▶ [ASSIGNMENT]: Could you say how many lines below contain the word "Place"? Give the number with no other text.

--------------------------------

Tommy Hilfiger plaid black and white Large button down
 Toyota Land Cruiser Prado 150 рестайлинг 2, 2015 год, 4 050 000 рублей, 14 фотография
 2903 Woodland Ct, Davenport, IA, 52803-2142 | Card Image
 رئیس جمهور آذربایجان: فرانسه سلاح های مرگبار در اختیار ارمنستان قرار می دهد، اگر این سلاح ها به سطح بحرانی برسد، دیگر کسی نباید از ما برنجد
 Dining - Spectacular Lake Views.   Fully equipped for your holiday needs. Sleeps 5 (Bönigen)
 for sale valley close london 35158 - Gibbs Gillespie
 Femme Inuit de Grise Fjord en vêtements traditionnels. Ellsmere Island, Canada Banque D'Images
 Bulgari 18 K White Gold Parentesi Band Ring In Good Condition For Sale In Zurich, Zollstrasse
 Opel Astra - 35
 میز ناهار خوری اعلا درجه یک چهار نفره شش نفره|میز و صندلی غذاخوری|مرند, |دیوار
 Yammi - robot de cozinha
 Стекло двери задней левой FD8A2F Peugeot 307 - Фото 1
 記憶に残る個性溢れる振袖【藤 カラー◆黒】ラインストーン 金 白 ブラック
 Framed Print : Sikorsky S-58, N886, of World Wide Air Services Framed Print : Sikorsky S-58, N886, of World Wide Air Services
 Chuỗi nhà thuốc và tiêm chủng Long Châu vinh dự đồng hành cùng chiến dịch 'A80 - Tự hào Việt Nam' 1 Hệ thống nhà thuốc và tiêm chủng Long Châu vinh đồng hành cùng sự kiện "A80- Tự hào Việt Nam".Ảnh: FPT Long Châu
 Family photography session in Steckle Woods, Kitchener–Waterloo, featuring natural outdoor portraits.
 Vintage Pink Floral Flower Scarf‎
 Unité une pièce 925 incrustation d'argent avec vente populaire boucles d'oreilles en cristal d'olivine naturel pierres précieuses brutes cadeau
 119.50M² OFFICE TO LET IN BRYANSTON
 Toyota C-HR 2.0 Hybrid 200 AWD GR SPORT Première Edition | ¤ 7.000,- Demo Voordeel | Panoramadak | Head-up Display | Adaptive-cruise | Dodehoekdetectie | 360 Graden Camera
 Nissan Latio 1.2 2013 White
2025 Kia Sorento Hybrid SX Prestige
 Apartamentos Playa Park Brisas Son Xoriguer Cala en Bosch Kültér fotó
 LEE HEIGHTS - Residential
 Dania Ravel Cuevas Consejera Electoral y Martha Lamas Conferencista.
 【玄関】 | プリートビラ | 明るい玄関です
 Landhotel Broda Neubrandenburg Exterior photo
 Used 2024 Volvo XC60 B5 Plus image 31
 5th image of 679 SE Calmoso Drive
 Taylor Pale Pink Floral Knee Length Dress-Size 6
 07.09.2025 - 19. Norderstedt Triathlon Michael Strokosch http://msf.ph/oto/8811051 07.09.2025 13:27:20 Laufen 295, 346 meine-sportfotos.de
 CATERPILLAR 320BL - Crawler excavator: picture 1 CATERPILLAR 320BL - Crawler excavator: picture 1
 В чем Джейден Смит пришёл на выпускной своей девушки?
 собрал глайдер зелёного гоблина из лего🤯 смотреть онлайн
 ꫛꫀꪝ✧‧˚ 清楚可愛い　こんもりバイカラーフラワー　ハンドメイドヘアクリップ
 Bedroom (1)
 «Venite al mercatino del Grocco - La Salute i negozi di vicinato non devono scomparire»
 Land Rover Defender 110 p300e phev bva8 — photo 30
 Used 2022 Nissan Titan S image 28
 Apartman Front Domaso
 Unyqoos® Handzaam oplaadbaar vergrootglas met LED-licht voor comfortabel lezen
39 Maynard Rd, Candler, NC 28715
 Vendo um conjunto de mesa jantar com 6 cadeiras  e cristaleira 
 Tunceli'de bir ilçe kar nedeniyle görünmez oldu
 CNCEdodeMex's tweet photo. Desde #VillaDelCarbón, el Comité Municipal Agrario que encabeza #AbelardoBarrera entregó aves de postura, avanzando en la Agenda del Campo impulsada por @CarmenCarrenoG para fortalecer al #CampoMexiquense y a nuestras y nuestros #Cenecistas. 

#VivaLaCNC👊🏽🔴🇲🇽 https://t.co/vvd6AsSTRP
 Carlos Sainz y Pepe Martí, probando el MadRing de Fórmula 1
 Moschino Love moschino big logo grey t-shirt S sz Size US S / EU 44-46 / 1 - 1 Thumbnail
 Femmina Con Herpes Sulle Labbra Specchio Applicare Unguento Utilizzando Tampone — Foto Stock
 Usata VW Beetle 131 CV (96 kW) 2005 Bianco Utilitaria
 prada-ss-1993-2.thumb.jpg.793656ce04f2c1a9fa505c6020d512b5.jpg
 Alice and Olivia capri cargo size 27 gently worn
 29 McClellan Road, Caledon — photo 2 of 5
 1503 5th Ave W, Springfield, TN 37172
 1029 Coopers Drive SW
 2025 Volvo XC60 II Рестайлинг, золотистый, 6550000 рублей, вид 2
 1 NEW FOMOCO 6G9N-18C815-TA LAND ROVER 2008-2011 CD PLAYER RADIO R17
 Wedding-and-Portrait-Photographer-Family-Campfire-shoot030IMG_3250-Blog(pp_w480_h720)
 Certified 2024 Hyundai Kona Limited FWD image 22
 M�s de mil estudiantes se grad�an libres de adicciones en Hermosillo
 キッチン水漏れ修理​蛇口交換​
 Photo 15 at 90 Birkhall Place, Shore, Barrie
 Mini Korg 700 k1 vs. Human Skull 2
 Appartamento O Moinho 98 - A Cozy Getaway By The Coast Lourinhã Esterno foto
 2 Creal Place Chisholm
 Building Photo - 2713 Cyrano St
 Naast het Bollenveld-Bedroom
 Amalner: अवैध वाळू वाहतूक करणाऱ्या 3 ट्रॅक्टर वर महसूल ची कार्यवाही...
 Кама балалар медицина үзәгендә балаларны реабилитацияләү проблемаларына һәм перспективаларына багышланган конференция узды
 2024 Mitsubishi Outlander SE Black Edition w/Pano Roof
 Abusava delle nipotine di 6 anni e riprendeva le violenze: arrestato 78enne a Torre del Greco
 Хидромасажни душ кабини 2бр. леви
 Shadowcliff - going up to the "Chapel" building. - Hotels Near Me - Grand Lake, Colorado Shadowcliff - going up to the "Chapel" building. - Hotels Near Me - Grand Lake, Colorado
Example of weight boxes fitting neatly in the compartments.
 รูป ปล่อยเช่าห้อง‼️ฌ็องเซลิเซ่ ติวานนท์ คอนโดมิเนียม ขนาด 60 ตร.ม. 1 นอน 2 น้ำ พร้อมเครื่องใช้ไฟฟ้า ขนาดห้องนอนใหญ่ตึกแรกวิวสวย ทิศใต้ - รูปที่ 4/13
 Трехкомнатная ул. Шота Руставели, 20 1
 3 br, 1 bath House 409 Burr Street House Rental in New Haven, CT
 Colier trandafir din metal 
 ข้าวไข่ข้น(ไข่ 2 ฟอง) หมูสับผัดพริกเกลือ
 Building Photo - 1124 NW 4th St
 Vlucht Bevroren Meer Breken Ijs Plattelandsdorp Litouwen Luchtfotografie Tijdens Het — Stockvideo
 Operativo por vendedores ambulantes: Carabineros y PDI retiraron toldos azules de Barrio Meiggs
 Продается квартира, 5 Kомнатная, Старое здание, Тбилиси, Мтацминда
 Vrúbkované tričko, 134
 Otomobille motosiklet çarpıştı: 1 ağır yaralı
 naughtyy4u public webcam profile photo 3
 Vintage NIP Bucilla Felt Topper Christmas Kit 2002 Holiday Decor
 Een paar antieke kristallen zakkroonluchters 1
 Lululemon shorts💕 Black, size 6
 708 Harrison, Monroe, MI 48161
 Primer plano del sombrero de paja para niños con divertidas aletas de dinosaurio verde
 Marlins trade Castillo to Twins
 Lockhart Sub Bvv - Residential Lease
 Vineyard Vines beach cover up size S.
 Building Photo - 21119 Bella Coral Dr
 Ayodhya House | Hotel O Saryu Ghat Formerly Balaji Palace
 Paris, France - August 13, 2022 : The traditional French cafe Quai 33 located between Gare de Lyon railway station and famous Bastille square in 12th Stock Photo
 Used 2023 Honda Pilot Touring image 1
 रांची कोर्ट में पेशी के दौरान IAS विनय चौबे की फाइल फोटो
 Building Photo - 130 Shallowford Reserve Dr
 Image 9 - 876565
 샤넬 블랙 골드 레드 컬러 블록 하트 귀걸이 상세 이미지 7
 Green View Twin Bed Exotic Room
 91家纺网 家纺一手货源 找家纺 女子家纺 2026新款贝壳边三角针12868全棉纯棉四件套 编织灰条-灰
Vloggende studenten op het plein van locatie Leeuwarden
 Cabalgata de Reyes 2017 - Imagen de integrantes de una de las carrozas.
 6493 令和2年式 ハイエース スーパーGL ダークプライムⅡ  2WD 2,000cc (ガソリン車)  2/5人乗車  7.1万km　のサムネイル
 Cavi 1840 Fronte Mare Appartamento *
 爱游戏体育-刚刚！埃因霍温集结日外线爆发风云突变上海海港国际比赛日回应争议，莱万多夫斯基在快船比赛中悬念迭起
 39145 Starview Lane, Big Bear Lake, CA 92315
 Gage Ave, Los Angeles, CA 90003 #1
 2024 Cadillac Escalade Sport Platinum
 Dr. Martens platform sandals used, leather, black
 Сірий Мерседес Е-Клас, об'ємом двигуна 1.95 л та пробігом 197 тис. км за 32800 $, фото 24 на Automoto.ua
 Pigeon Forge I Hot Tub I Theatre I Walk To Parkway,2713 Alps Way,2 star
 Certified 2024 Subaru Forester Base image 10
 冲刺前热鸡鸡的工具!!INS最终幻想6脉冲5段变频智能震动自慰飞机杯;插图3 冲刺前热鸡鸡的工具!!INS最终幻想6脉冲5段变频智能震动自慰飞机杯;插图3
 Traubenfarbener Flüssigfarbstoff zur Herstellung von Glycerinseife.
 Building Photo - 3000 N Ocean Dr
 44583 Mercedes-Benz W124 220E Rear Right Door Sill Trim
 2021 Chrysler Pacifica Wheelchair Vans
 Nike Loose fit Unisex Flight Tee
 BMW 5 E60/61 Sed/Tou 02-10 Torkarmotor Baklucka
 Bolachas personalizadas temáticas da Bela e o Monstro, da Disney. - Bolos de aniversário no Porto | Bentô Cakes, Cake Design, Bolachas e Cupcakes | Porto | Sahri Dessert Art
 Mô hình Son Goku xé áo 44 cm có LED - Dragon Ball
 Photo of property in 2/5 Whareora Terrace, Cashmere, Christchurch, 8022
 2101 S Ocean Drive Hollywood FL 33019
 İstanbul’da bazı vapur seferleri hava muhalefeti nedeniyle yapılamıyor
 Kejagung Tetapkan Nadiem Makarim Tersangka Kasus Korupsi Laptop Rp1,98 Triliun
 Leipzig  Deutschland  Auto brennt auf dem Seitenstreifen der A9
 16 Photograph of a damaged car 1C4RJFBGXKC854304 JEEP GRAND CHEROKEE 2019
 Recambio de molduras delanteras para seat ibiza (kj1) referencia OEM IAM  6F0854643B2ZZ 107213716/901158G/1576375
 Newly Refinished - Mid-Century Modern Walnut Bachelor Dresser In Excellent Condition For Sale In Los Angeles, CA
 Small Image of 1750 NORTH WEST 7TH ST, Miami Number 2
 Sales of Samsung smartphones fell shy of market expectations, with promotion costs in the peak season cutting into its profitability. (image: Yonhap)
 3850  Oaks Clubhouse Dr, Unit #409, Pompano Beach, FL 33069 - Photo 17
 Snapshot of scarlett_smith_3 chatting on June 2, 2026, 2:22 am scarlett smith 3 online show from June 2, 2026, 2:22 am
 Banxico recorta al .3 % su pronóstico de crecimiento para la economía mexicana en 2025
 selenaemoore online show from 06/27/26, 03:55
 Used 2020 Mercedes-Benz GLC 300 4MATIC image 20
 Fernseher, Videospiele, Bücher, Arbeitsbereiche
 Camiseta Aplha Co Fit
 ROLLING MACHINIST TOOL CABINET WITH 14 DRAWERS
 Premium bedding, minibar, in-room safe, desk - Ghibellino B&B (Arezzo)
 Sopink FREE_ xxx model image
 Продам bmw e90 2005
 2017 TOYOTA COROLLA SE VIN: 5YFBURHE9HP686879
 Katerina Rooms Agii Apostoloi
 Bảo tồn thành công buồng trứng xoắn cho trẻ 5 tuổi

--------------------------------

▶ [PROBLEM SOLUTION]: 2